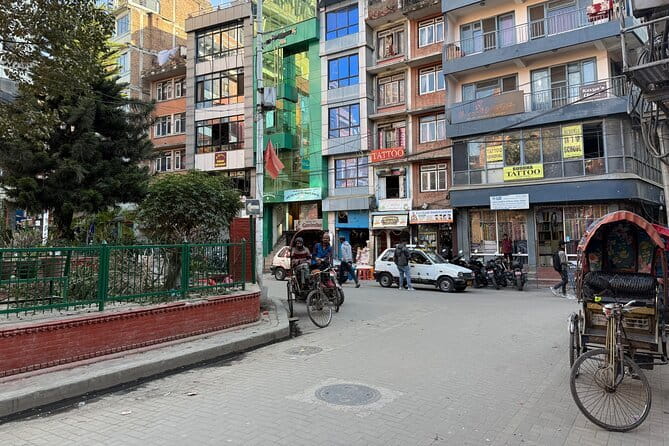 Kathmandu Food & Drink and Shopping Rickshaw Tour - Stop 2 (30 Minutes): Asan for Quick Hits and Market Energy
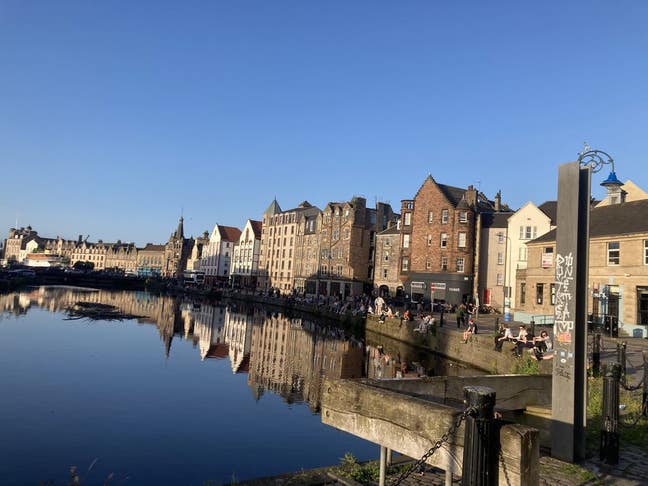 Short Term: Double Bedroom at the Shore, Leith Main Photo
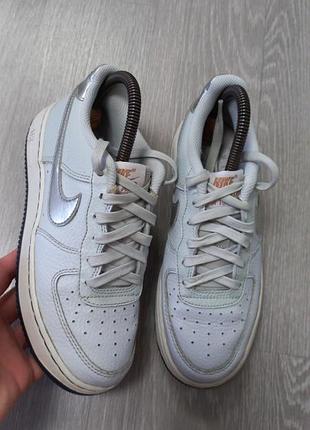 Жіночі кросівки  nike air force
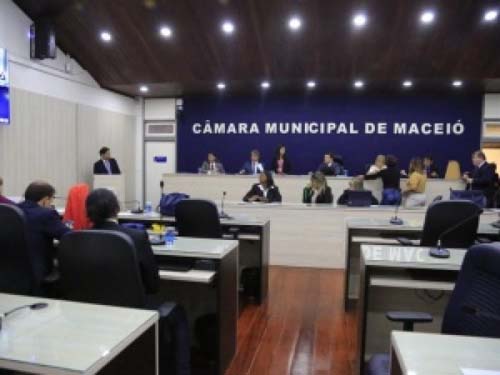 Comissão da Câmara prorroga investigação sobre afundamento de bairros em Maceió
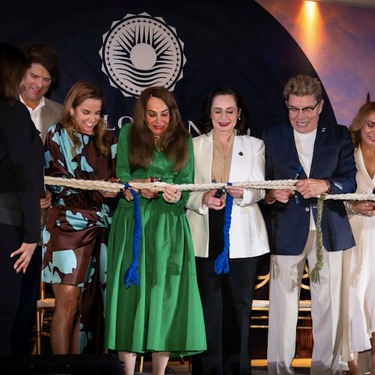 Ernesto Coppel y Lety González  en el corte del listón por la apertura de Pueblo Bonito Vantage San Miguel de Allende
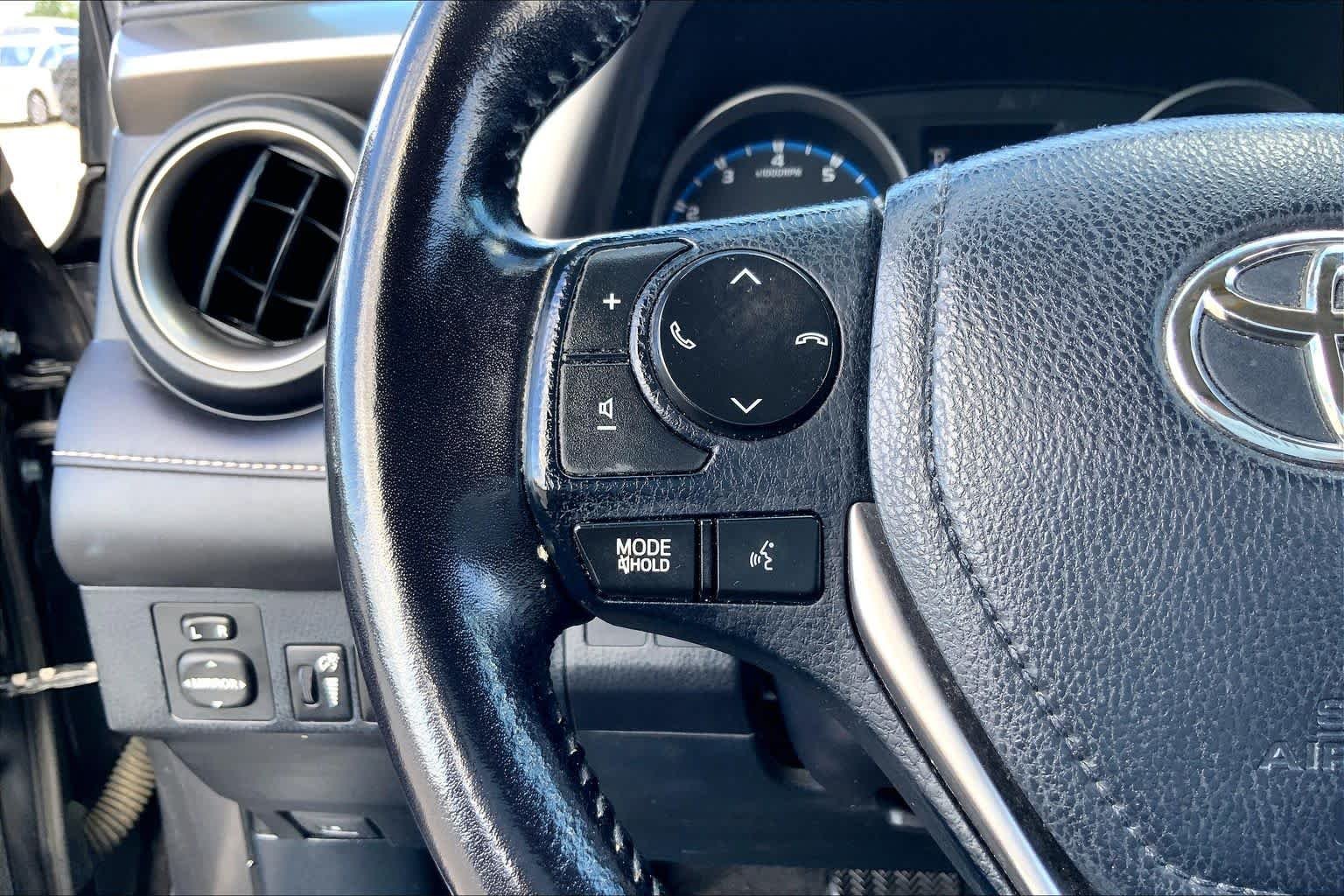 Used 2017 Magnetic Gray Metallic Toyota XLE image 23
+--
» **WORK REQUIRED**:
Begin at the line with "Short Term: Double" and retype exactly every line through the last one of the entries above, both included, and nothing more; pictures stay out.

» **EXPECTED OUTPUT**:
 Short Term: Double Bedroom at the Shore, Leith Main Photo
 Жіночі кросівки  nike air force
 Comissão da Câmara prorroga investigação sobre afundamento de bairros em Maceió
 Ernesto Coppel y Lety González  en el corte del listón por la apertura de Pueblo Bonito Vantage San Miguel de Allende
 Used 2017 Magnetic Gray Metallic Toyota XLE image 23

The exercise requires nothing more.